- Interactive map of Hasur
- Country: India
- State: Maharashtra
- District: Kolhapur

= Hasur, Maharashtra =

Village in Maharashtra

Hasur is a village in Maharashtra, India. It is located in the Krishna River basin, in the Desh region. The village is a part of the Shirol taluka of Kolhapur district, Pune Division.

== Geography ==

The village is located 53 km towards East from District headquarters Kolhapur. 9 km from Shirol. 374 km from State capital Mumbai

The PIN code of Hasur is 416103, and the postal head office is Shirol .
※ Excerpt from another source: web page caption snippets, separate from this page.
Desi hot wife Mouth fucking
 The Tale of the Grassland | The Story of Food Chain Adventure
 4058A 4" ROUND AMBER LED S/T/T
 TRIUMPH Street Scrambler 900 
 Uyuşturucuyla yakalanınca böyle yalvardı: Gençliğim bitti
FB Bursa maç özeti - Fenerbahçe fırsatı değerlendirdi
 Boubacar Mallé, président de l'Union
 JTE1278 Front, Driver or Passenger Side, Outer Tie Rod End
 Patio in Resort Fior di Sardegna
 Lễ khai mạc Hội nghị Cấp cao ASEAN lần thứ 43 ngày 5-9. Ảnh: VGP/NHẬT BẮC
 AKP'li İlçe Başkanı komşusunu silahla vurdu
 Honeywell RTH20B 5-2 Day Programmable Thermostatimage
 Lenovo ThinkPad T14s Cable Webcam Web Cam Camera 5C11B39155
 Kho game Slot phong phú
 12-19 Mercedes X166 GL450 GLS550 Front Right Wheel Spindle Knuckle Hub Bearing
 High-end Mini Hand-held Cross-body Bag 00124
Shedshal (2 km), Kanwad (2 km), Kavathe Guland (2 km), Kutwad (3 km), Shirati (5 km) are the nearby villages. Hasur is surrounded by Miraj Taluka towards North, Sangli Taluka towards North, Ichalkaranji Taluka towards west, Raybag Taluka towards South. Miraj, Sangli Ichalkaranji are the nearby cities to Hasur. The village lies on the border of the Kolhapur District and Sangli District.

== Transport ==

By Rail

Vijayanagar Rail Way Station, Shedbal Rail Way Station are the very nearby railway stations to Hasur. Nmg Tamdalge Rail Way Station (near to Ichalkaranji), Hatkanangale Rail Way Station (near to Ichalkaranji), Jayasingpur Rail Way Station (near to Jaysingpur), Vishrambag Rail Way Station (near to Jaysingpur) are the Rail way stations reachable from near by towns. However	Sangli Rail Way Station is amajor railway station 20 km from Hasur

By Road

Kurundvad, Jaysingpur, Ichalkaranji are the nearby by towns to Hasur having road connectivity to Hasur

== Education ==

The village has one high school - the Hasur High School up to 10th std.